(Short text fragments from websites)
BEGIN

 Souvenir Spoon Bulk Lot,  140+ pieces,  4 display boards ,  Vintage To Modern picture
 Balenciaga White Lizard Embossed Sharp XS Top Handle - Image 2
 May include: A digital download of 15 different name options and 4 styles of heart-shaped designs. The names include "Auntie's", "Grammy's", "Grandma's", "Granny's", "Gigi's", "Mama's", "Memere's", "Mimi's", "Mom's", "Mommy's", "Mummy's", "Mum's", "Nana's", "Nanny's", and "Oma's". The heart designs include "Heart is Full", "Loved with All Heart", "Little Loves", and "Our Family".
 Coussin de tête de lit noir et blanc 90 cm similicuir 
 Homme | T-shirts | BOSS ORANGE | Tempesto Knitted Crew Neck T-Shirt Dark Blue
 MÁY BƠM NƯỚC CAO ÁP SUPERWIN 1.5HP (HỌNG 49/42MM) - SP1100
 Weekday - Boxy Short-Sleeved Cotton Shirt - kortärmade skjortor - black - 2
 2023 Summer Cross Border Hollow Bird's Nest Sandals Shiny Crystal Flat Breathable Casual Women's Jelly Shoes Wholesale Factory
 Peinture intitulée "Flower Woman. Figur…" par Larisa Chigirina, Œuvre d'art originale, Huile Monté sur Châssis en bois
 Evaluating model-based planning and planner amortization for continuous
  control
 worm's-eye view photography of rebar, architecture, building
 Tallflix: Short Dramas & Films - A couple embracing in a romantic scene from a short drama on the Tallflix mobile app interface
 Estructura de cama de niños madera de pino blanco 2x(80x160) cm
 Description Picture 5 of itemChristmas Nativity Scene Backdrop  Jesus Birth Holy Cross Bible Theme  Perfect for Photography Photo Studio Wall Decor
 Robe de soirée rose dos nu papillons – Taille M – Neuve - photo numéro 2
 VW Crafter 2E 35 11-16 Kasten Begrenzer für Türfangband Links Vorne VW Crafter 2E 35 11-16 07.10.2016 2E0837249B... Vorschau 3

END

Assigned task:
Above are the entries. Quote exactly the lines from the one bearing "Homme | T-shirts" through the one bearing "worm's-eye view photography".

Result for this task:
 Homme | T-shirts | BOSS ORANGE | Tempesto Knitted Crew Neck T-Shirt Dark Blue
 MÁY BƠM NƯỚC CAO ÁP SUPERWIN 1.5HP (HỌNG 49/42MM) - SP1100
 Weekday - Boxy Short-Sleeved Cotton Shirt - kortärmade skjortor - black - 2
 2023 Summer Cross Border Hollow Bird's Nest Sandals Shiny Crystal Flat Breathable Casual Women's Jelly Shoes Wholesale Factory
 Peinture intitulée "Flower Woman. Figur…" par Larisa Chigirina, Œuvre d'art originale, Huile Monté sur Châssis en bois
 Evaluating model-based planning and planner amortization for continuous
  control
 worm's-eye view photography of rebar, architecture, building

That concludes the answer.